Anecdotal evidence suggests that serious illness in some very premature babies is associated with postnatal acquisition of CMV. This possibility has also been suggested in case reports,2 and a small case series.3,4 More recently, studies from Germany have shown that CMV in breast milk is transmitted to premature babies and may be associated with disease.5,6

This review will address (a) the evidence for the presence of CMV in breast milk and its transmission to infants, (b) the evidence that postnatally acquired CMV causes disease in premature babies, and (c) the methods available to produce CMV-free breast milk.

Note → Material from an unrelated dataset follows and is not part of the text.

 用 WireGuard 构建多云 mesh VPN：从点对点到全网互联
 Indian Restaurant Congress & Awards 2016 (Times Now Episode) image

Presence of CMV in breast milk

The presence of CMV in breast milk was first suggested in the early 1970s when babies who were not congenitally infected were noted to be acquiring CMV late in the first month of life. Historically, perinatal acquisition was attributed to transmission through cervical secretions. However, the absence of CMV in maternal cervical swabs in many cases suggested another source. In 1972, Hayes et al7 isolated CMV from the breast milk in 27% of CMV seropositive women. A similar proportion was found by Reynolds et al,8 who also found a large increase in the number of infants excreting CMV over the first four months, incriminating infection at or soon after birth and therefore suggesting a maternal source.

CMV has been detected in breast milk in 13–50% of lactating women.5,6,9,10 This wide range is partly due to the different sensitivities of detection methods, as the proportion was greater when more sensitive methods such as polymerase chain reaction (PCR) were used.5,6,11,12 As would be expected, no CMV seronegative mothers have been found to excrete the virus. When CMV seropositive mothers have been tested specifically, between 32% and 96% have been found to excrete CMV in their breast milk.5,6,9,10,13 The highest figure was recently reported by Hamprecht et al,6 who used PCR to detect CMV in both milk whey and cells. This group has previously shown that testing unfractionated milk is less reliable.12 The mechanism of CMV reactivation and excretion in the breast milk of lactating women is unknown.

The timing of CMV excretion in breast milk has been studied in some detail. CMV has been isolated from breast milk from one day to nine months after delivery.11,14 The peak period of excretion was shown in one study to be at three to four weeks.5 The latest more detailed study by Hamprecht et al6 showed that CMV DNA appears in the whey within three weeks of delivery in the great majority of CMV positive mothers. DNA was detectable in milk cells slightly later. This study also highlighted the lower sensitivity of viral culture, as virus was not isolated from either milk whey or cells until many days after it was detected by PCR.6

Is CMV transmitted in breast milk?

Babies breast fed by mothers excreting CMV in their milk are commonly asymptomatically infected.5,6,9,10,15,16 In contrast, no formula fed babies are infected in this way.5,9 In the recent study by Hamprecht et al,6 33 of 87 (38%) premature babies breast fed by mothers excreting CMV became infected. CMV was cultured from the babies’ urine at a mean of 47 days after delivery.

Is breast milk the only source of transmission?

At least one study has documented CMV infection in babies whose mothers were apparently not excreting CMV in their breast milk.9 Attempts have been made to exclude other possible sources of transmission of CMV. Congenital infection is excluded by the absence of CMV excretion from the baby in the first five to 21 days.5,6,10 Excretion from other maternal sites (for example urine, cervical secretions) is excluded by negative maternal samples, or by negative ear swabs from the baby at birth as a surrogate for cervical swabs.5,6 Horizontal transmission by blood is excluded by the use of CMV-free or filtered blood products.6,17 Horizontal transmission from other people—medical and nursing staff, and visitors such as siblings—is difficult to exclude. Horizontal transmission from maternal saliva is virtually impossible to exclude.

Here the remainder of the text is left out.